Ichihara is fledgling Yakuza member Kageyama, a bottom-rung thug who nevertheless outfits himself in snappy business attire and lives to die for his beloved boss Kamiura (Franky). A sensitive killer, Kageyama wears none of the traditional Yakuza tattoos that decorate the skins of his more mangy brethren. That all changes when another Yakuza gang arrives in town and kills Kamiura. But wait! The boss turns out to be a vampire, and before he perishes he bites Kageyama, turning him into a vamp, too. “Stay foolish,” the dying Kamiura advises his ambitious underling, and that’s just in the film’s first 10 minutes. Eventually, nearly the whole population goes vampiric, leading to – among a whole lot of other, ever more bizarre set-pieces – the arrival of a frog-headed demon, a duster-enshrouded stranger toting a tiny coffin on his back (Django!), and a Godzilla-sized, bargain-basement version of Sanrio’s furry, amphibious Keroppi.

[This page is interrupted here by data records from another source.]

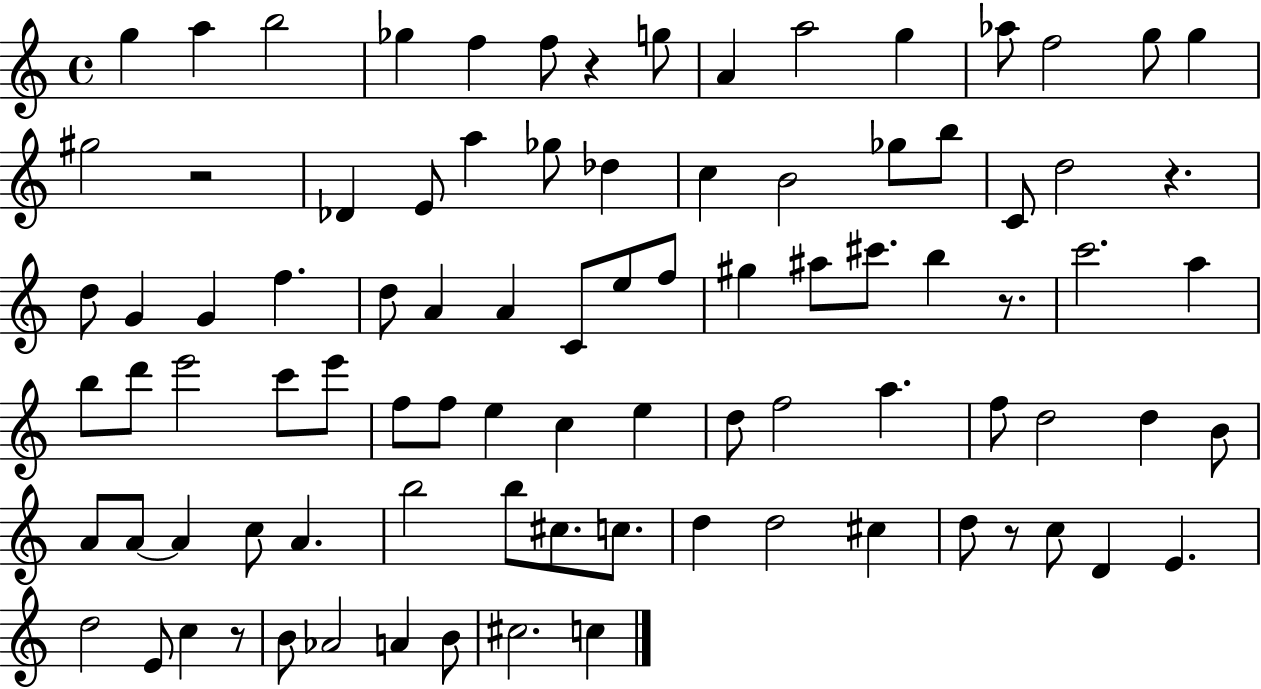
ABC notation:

X:1
T:Untitled
M:4/4
L:1/4
K:C
g a b2 _g f f/2 z g/2 A a2 g _a/2 f2 g/2 g ^g2 z2 _D E/2 a _g/2 _d c B2 _g/2 b/2 C/2 d2 z d/2 G G f d/2 A A C/2 e/2 f/2 ^g ^a/2 ^c'/2 b z/2 c'2 a b/2 d'/2 e'2 c'/2 e'/2 f/2 f/2 e c e d/2 f2 a f/2 d2 d B/2 A/2 A/2 A c/2 A b2 b/2 ^c/2 c/2 d d2 ^c d/2 z/2 c/2 D E d2 E/2 c z/2 B/2 _A2 A B/2 ^c2 c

Javanese kicker-of-asses Yayan Ruhian (The Raid films) shows up as an anime-besotted maniac, and the rest of the cast go fittingly foolish right along with him. If there’s any complaint to be made, it’s that Miike paints himself into a gore-drenched corner by the time the film approaches its pièce de résistance. Not that that’s a problem, though. The director’s wilder films unspool like the stream-of-consciousness imaginings of a hilariously deranged mind. There’s more to Yakuza Apocalypse than just oddball-brilliant spaghetti Western riffs and gangster eviscerations. It’s also a sneaky, snarky commentary on Japan’s seemingly infinite financial recession: Boss vampire is adored by his townspeople because he gives them hard cash to survive hard times. Never mind that he’s also got a group of locals locked away down in his basement, curiously knitting their days away – no, really, they’re fucking knitting! – even as they’re being used as “feed” for the bloodsuckers upstairs. Yakuza Apocalypse is Miike at the top of his game, breaking cinematic rules at every chance while crafting seriously subversive cinema that defangs both the real-world Yakuza, the Japanese government, and, heaven help us, Sanrio, too. Knitting, I tell you! Knitting!